-------- DATA BELOW --------
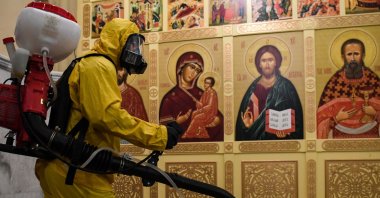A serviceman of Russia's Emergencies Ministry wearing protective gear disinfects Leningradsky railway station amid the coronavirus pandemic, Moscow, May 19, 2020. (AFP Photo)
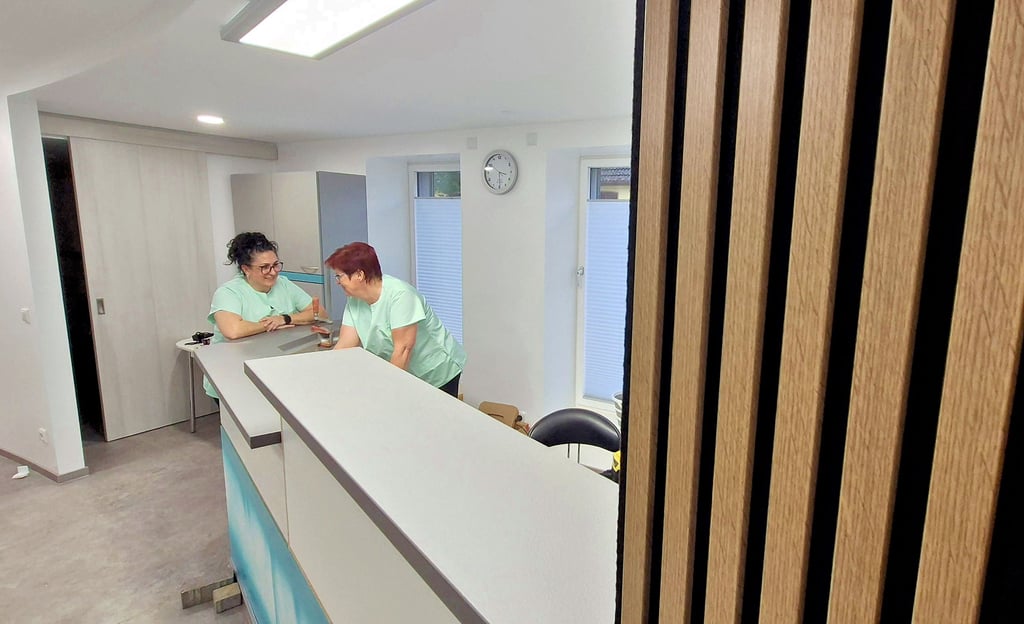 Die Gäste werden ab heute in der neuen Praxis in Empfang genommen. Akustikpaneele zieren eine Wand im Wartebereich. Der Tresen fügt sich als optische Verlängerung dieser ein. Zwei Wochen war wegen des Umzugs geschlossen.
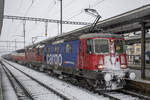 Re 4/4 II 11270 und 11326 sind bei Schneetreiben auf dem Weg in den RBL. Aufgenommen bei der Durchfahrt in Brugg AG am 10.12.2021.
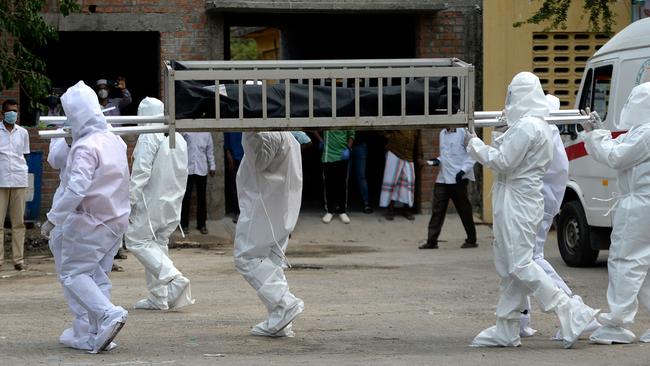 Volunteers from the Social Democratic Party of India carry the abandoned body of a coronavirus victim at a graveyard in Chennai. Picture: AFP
--------
WHAT TO WORK ON >> Print the listing exactly. No pictures belong in the copy.

ANSWER FOR THE TASK >>
A serviceman of Russia's Emergencies Ministry wearing protective gear disinfects Leningradsky railway station amid the coronavirus pandemic, Moscow, May 19, 2020. (AFP Photo)
 Die Gäste werden ab heute in der neuen Praxis in Empfang genommen. Akustikpaneele zieren eine Wand im Wartebereich. Der Tresen fügt sich als optische Verlängerung dieser ein. Zwei Wochen war wegen des Umzugs geschlossen.
 Re 4/4 II 11270 und 11326 sind bei Schneetreiben auf dem Weg in den RBL. Aufgenommen bei der Durchfahrt in Brugg AG am 10.12.2021.
 Volunteers from the Social Democratic Party of India carry the abandoned body of a coronavirus victim at a graveyard in Chennai. Picture: AFP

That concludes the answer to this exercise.